- [DATA FOR THIS TASK]:
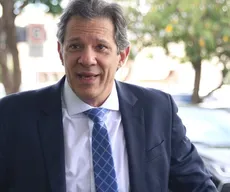 Governo recua e mantém isenção em transação entre pessoas físicas até US$ 50, diz Haddad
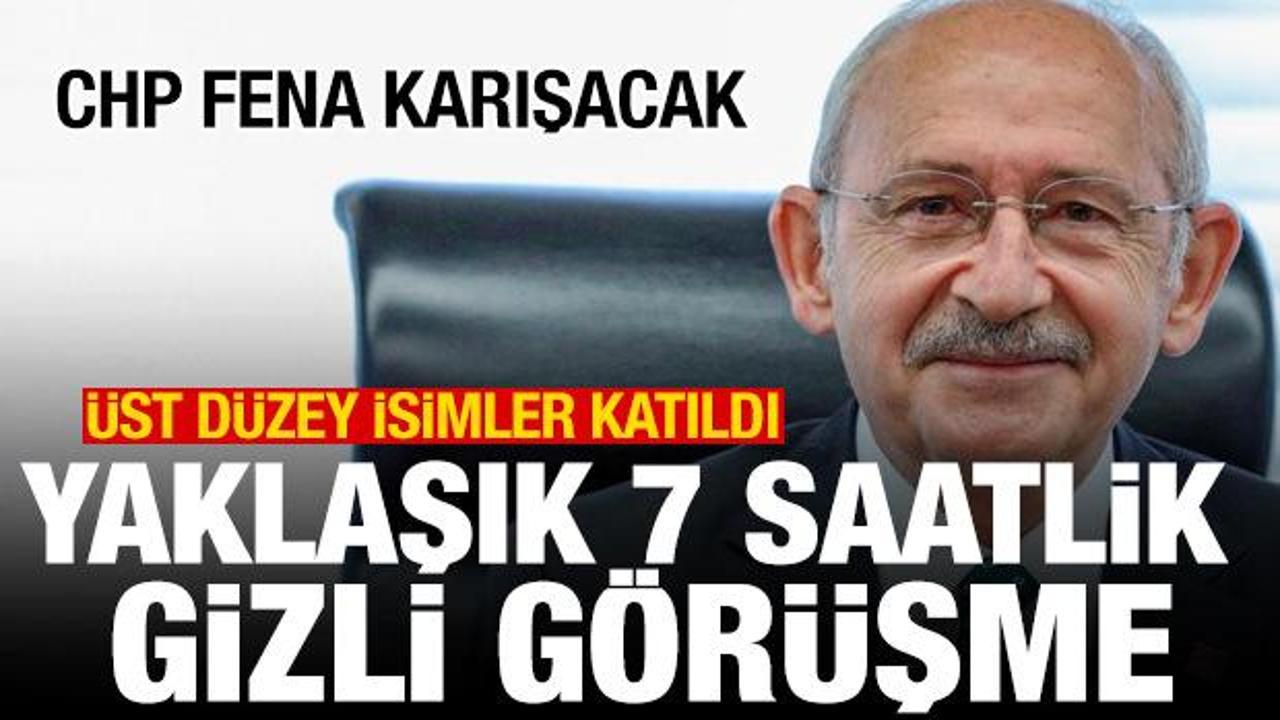 chp-ici-muhalefetinden-6-bucuk-saatlik-gizli-gorusme-kilicdaroglu-detayi-r9TmZj6D.jpg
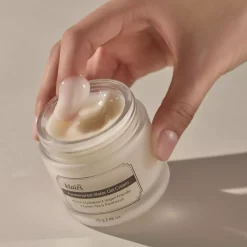 KlairsFundamental Water Gel Cream 70 g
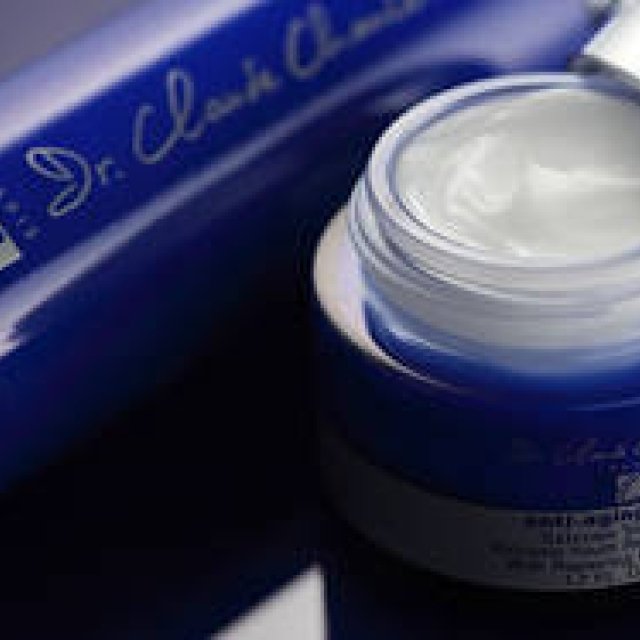 An Interview with Dr. Claude Chauchard, a Pioneer in Anti-Aging (Part 2)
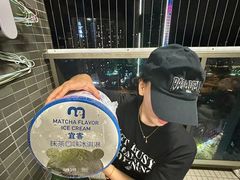 -麦德龙(湖里店)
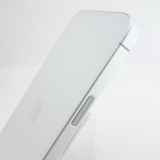 ��SIM�ե꡼��iPhone16 256GB �ۥ磻�� ����91�� �������¡�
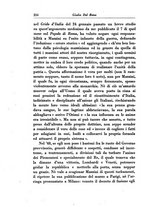 giornale/RAV0027960/1937/V.1/00000372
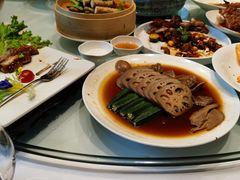 -沪碟·精菜坊(闵行店)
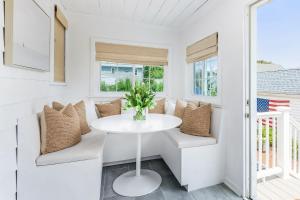 Stay at Black Rock Harbor - Ubytování bez kategorie ve městě Bridgeport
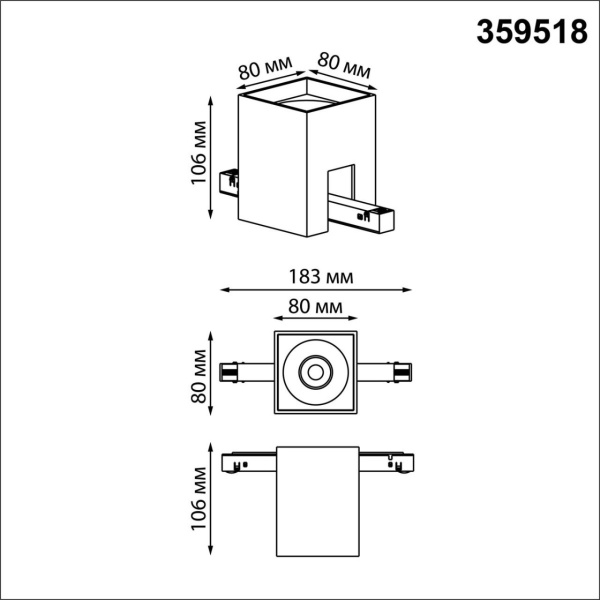 31c57ee8fd5e7858531e316c8634c726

- [ABOUT THIS EXERCISE]: Copy the listing exactly, omitting pictures.

- [EXERCISE SOLUTION]:
 Governo recua e mantém isenção em transação entre pessoas físicas até US$ 50, diz Haddad
 chp-ici-muhalefetinden-6-bucuk-saatlik-gizli-gorusme-kilicdaroglu-detayi-r9TmZj6D.jpg
 KlairsFundamental Water Gel Cream 70 g
 An Interview with Dr. Claude Chauchard, a Pioneer in Anti-Aging (Part 2)
 -麦德龙(湖里店)
 ��SIM�ե꡼��iPhone16 256GB �ۥ磻�� ����91�� �������¡�
 giornale/RAV0027960/1937/V.1/00000372
 -沪碟·精菜坊(闵行店)
 Stay at Black Rock Harbor - Ubytování bez kategorie ve městě Bridgeport
 31c57ee8fd5e7858531e316c8634c726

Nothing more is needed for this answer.